Only when women are stripped of their femininity (in the performative sense) are they allowed to subvert the expectations of the genre. While it is posed by the film’s marketing and film enthusiasts as some big feminist undertaking that the heroes of the genre are women, we must first take a step back and acknowledge that horror’s heroines are still the fantasy of the men who wrote them.

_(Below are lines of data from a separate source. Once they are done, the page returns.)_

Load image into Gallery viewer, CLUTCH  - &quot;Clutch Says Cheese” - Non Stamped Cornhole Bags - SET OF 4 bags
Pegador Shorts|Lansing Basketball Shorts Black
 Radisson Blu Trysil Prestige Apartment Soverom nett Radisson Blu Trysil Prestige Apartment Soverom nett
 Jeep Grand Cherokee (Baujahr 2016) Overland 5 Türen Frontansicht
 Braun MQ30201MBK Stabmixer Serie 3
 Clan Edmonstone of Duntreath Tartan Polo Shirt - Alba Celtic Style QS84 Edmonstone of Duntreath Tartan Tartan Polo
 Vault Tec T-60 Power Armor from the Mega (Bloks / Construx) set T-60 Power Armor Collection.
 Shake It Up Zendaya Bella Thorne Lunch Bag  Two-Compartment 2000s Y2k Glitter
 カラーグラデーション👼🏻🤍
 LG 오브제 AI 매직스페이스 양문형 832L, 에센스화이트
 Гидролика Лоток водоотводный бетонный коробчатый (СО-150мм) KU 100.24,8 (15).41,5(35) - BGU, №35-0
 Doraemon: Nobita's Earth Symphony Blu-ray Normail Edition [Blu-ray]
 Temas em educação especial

But what about the women who can be both victim and killer? An increasingly popular (but not altogether new) trend in movies has women weaponizing their sexuality to become the villain. The “madwoman” is the woman who does not behave, who chooses not to act within society’s views of femininity. A new wave of feminism has given women the agency to become the protagonist/antagonist they deserve to be. Clover writes:

The women’s movement has given many things to popular culture, some more savory than others. One of its main donations to horror, I think, is the image of an angry woman—a woman so angry that she can be imagined as a credible perpetrator (I stress “credible”) of the kind of violence on which, in the low-mythic universe, the status of full protagonists rests.3

Although marketed and received as a thriller/revenge film,  I contend that Gone Girl has its roots in horror classics like Halloween and exemplifies the fully-formed feminine villain. The plot creeps by as we watch a scorned woman “kill” herself to enact revenge on her idiotic husband. It’s slow and deliberate, but it isn’t senseless and bloody unlike the revenge porn flicks of the ’80s. Amy Dunne is evil and that’s okay. Women killers usually have a motive which attributed to the opposite and largely dominant sex. Clover writes:

Females killers are few and their reasons for killing significantly differ from men’s. With the possible exception of the murderous mother in Friday the Thirteenth I, they show no gender confusion. Nor is their motive overtly psychosexual; their anger derives in most cases not from childhood experience but from specific moments in their adult lives in which they have been abandoned or cheated on by men.

Amy Dunne is not the only example of this type of villain. In his Puritan nightmare The Witch (2015), Robert Eggers writes a female villain who only warrants the term villain during the last twenty minutes of the movie. During these twenty minutes she is enticed to “live deliciously” and use her sexuality as a means to gain control of her powers as a witch. 

As we look toward the future of horror, I hope to see more complicated women. Women who aren’t bound to the virgin/whore complex which has thus far dichotomized them, resulting in one-dimensional portrayals of what is arguably the genre’s dominant sex. The overused phrase “Hell hath no fury like a woman scorned” rings true, as clichéd as it is. I think it’s high time we allow women to be murderers and victims, as well as psychopaths and unrestricted sexual beings.

  1. Carol Clover, Men, Women, and Chainsaws (Princeton University Press, 1992), 11.
  2. Clover, Men, Women, and Chainsaws, 12.
  3. Clover, Men, Women, and Chainsaws, 17.